**Task to complete:** In the entries that follow, the first line to write out is the one containing "iTunes will not", and the last is the one containing "Once your presentation". Reproduce that stretch exactly, with nothing before or after it.

══════════════════════════════

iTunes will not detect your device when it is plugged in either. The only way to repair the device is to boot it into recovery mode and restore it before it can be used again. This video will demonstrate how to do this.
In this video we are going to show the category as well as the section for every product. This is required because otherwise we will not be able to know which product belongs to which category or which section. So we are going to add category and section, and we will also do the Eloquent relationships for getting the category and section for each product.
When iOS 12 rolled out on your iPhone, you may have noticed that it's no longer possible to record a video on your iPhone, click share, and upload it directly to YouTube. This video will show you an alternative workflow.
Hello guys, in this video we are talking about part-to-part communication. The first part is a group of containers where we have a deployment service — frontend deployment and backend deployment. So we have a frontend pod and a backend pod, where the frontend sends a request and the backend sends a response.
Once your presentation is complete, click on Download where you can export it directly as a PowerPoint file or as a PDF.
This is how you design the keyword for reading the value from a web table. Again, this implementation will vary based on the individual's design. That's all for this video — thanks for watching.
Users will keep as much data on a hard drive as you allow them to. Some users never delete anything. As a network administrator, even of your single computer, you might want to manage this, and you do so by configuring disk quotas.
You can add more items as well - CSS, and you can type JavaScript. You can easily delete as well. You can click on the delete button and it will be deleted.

══════════════════════════════

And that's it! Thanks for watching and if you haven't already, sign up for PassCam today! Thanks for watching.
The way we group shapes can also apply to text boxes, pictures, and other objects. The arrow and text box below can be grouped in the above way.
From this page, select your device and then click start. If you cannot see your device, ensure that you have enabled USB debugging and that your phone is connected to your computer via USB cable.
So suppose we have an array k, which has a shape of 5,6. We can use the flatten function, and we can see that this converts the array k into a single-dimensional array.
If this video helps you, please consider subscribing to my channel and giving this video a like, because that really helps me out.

══════════════════════════════

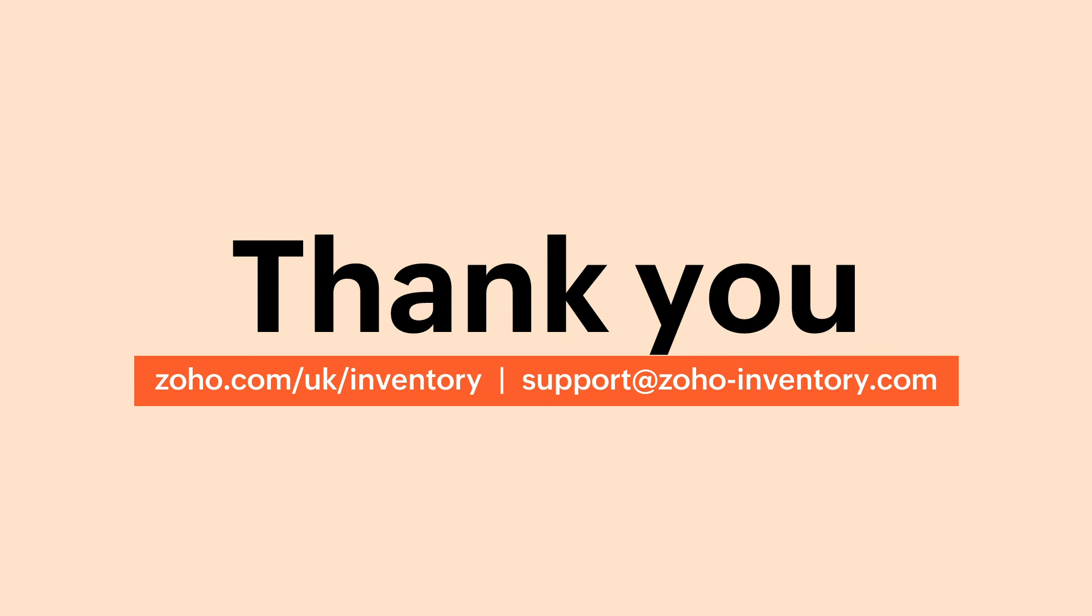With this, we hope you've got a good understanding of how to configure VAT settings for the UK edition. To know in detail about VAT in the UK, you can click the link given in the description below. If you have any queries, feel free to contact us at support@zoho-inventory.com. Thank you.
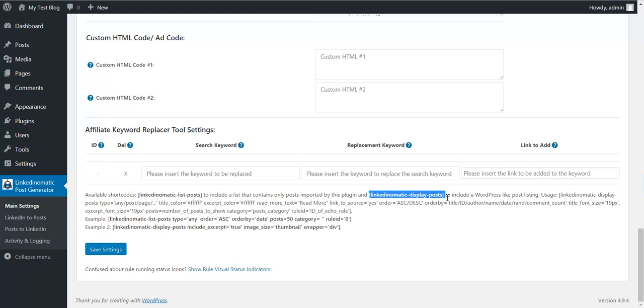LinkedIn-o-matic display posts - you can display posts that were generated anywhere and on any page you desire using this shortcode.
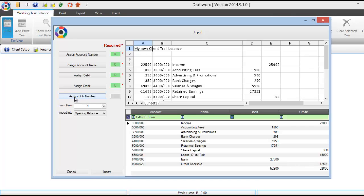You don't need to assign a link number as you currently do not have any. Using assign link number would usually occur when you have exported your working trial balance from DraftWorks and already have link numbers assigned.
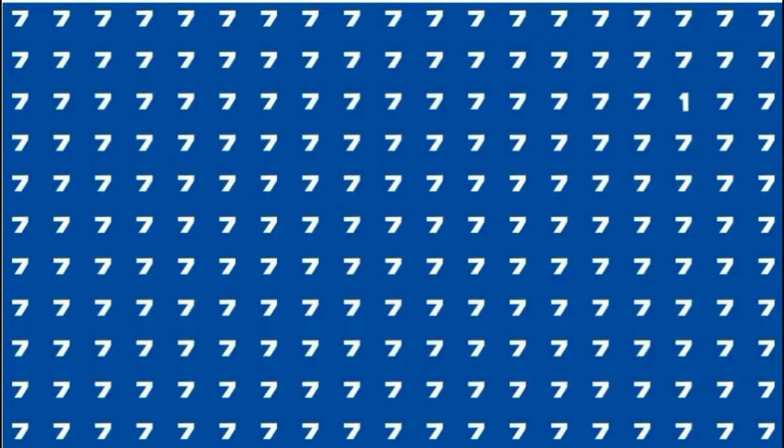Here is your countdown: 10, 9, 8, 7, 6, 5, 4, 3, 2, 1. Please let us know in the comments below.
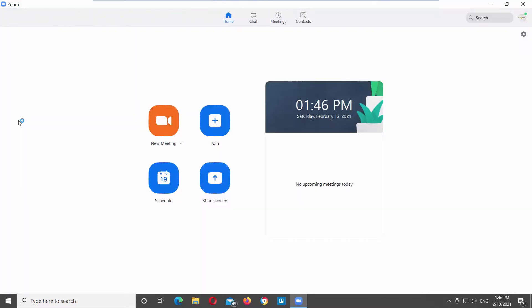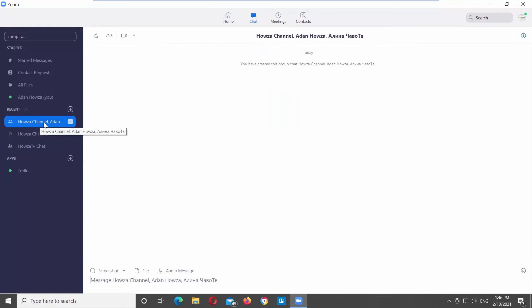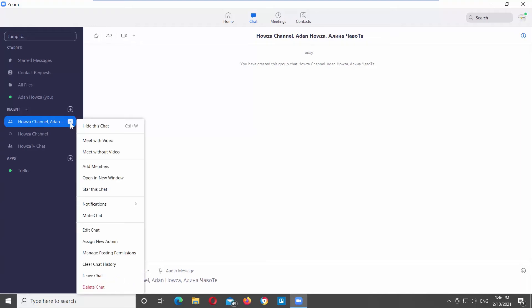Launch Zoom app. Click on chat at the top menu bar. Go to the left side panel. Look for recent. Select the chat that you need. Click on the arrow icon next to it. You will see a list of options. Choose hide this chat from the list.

══════════════════════════════

**Result of the exercise:**
iTunes will not detect your device when it is plugged in either. The only way to repair the device is to boot it into recovery mode and restore it before it can be used again. This video will demonstrate how to do this.
In this video we are going to show the category as well as the section for every product. This is required because otherwise we will not be able to know which product belongs to which category or which section. So we are going to add category and section, and we will also do the Eloquent relationships for getting the category and section for each product.
When iOS 12 rolled out on your iPhone, you may have noticed that it's no longer possible to record a video on your iPhone, click share, and upload it directly to YouTube. This video will show you an alternative workflow.
Hello guys, in this video we are talking about part-to-part communication. The first part is a group of containers where we have a deployment service — frontend deployment and backend deployment. So we have a frontend pod and a backend pod, where the frontend sends a request and the backend sends a response.
Once your presentation is complete, click on Download where you can export it directly as a PowerPoint file or as a PDF.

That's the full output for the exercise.